Votre livre reste brûlant d’actualité, alors que le «spectre de l’islam» s’invite dans la campagne présidentielle en France…
Il y a une surenchère sur l’islam, de la part des médias et des politiques, notamment à droite. Le comble du ridicule a été atteint avec l’histoire du burkini.
Ceci dit, je ne pense pas que cette agitation reflète ce que pensent les Français, dont la préoccupation essentielle reste le chômage. Les médias portent une responsabilité énorme, de par les mots qu’ils emploient, à la va-vite, sans en comprendre le sens, comme Charia, fatwa, etc.
Les attentats en France ont favorisé ce climat de suspicion envers les musulmans…
Bien sûr, les attentats ont favorisé cela.
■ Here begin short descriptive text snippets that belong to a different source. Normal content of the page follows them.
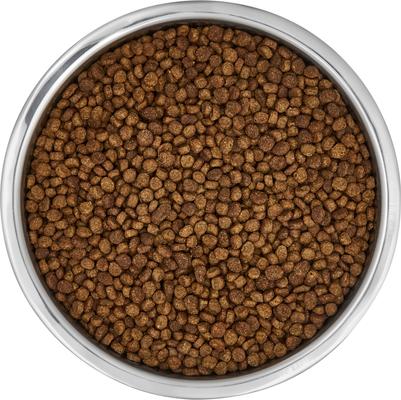 Show full view: Frisco Insulated Non-Skid Flair Stainless Steel Dog & Cat Bowl, Medium: 6 cup, 1 count slide 6 of 10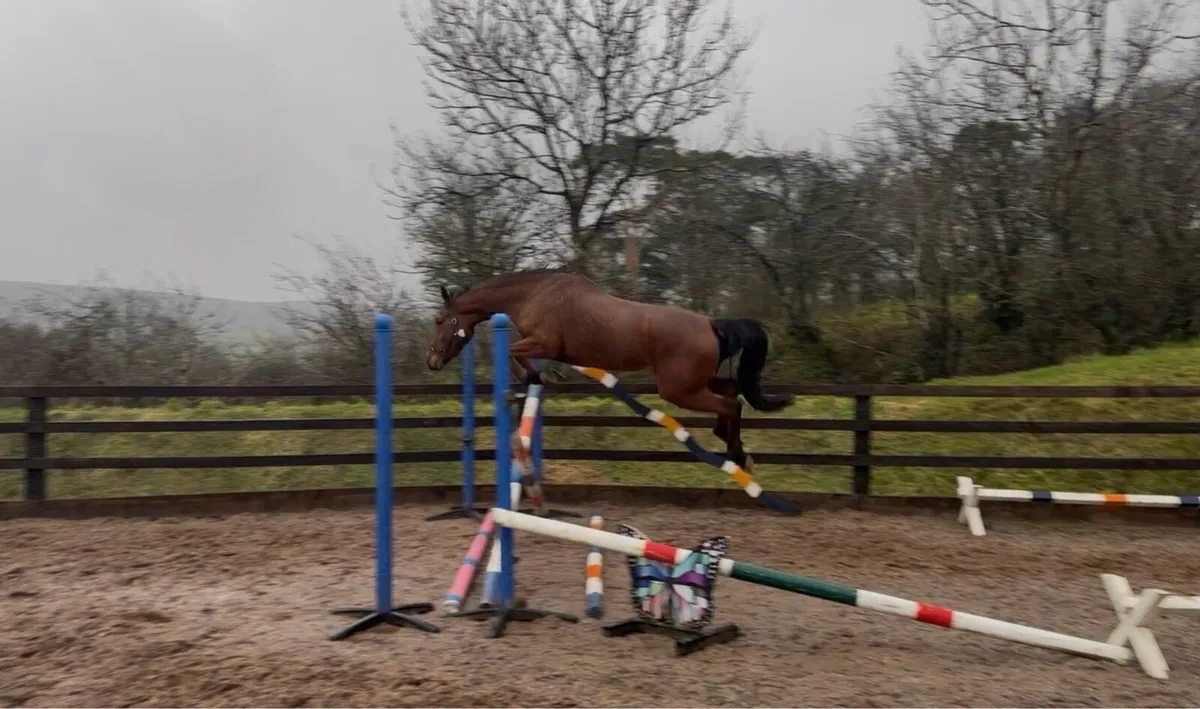 Scopey 4yo mare - Image 1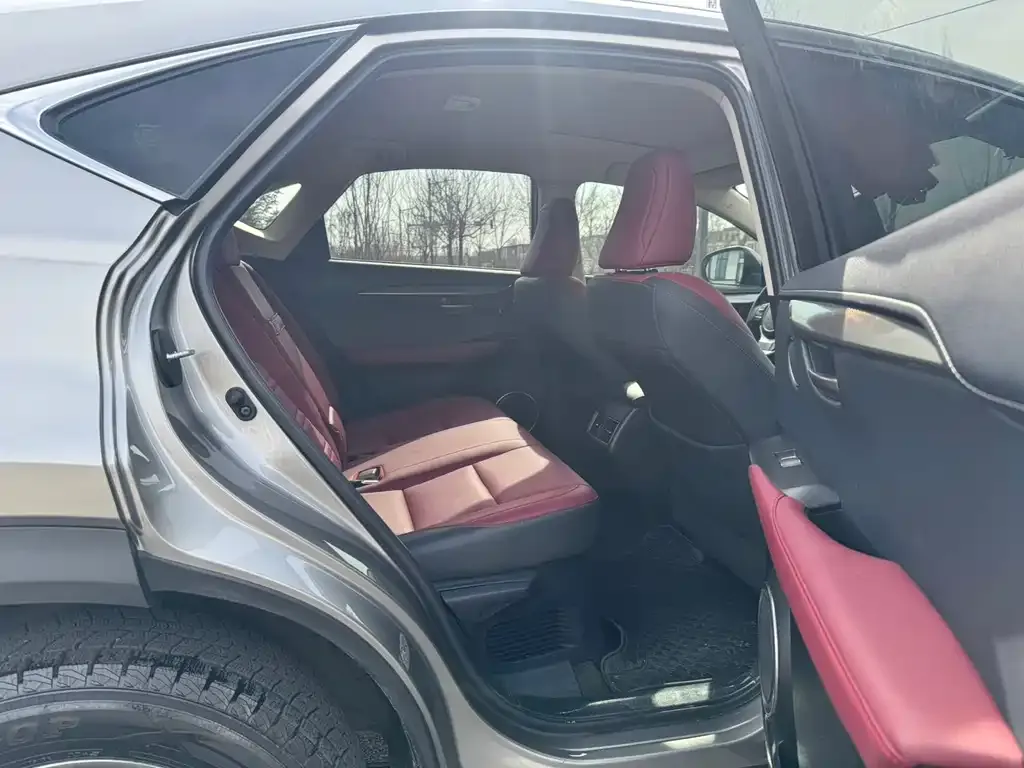 Lexus NX 2021 из CN, фото 4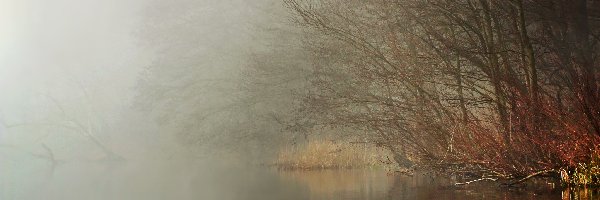 Drzewa, Zarośla, Trawy, Jezioro, Mgła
Mais quand on étudie le profil du tueur de Nice, on voit bien qu’il s’agit d’un pseudo-islamiste. Depuis la guerre en Irak et les discours de George W. Bush, on a voulu faire croire que nous sommes dans une guerre mondiale qui sera longue et que les groupes comme al-Qaïda ou Daech nous haïssent à cause de ce que nous sommes. C’est le comble de l’absurde. Cela crée un climat anxiogène.
Quels sont les risques de cette islamophobie latente?
Celui de donner aux musulmans l’impression qu’ils ne sont pas français et, quelque part, de les jeter dans les bras d’extrémistes. Surtout que les premières victimes d’agressions islamophobes sont les femmes. Elles savent, si elles sont voilées, qu’elles ne trouveront pas de travail, en tout cas, pas en dehors de l’économie islamique.
Votre livre interroge la place de l’islam dans la République. Quelle réponse donnez-vous aujourd’hui?
Il faut d’abord savoir que l’écrasante majorité des musulmans appliquent les lois de la République. La laïcité, ce sont des lois, celles de 1905, qu’il suffit d’appliquer.
La gauche semble confrontée à un malaise profond sur ce sujet. Pourquoi?
On a vu les candidats de droite très actifs là-dessus, Marine Le Pen n’étant pas, étonnamment, la plus hystérique sur le sujet. A gauche, on ne mène plus le combat, on a capitulé. Les dernières déclarations de François Hollande, notamment sur les réfugiés et les musulmans, tiennent du délire, alors que la France a accueilli très peu de réfugiés par rapport à l’Allemagne par exemple. Le plus délirant à ce sujet restant Manuel Valls, clairement.
Pourquoi ce débat est-il si haineux en France?
Notre pays a une histoire différente des autres avec son immigration. La guerre d’Algérie continue de peser sur les consciences. Il y a eu beaucoup de vagues d’immigration, italienne, polonaise, portugaise, etc., qui ont toutes provoqué un certain racisme à l’époque. Racisme qui a pu être surmonté via des combats communs de personnes qui partageaient les mêmes intérêts socioéconomiques.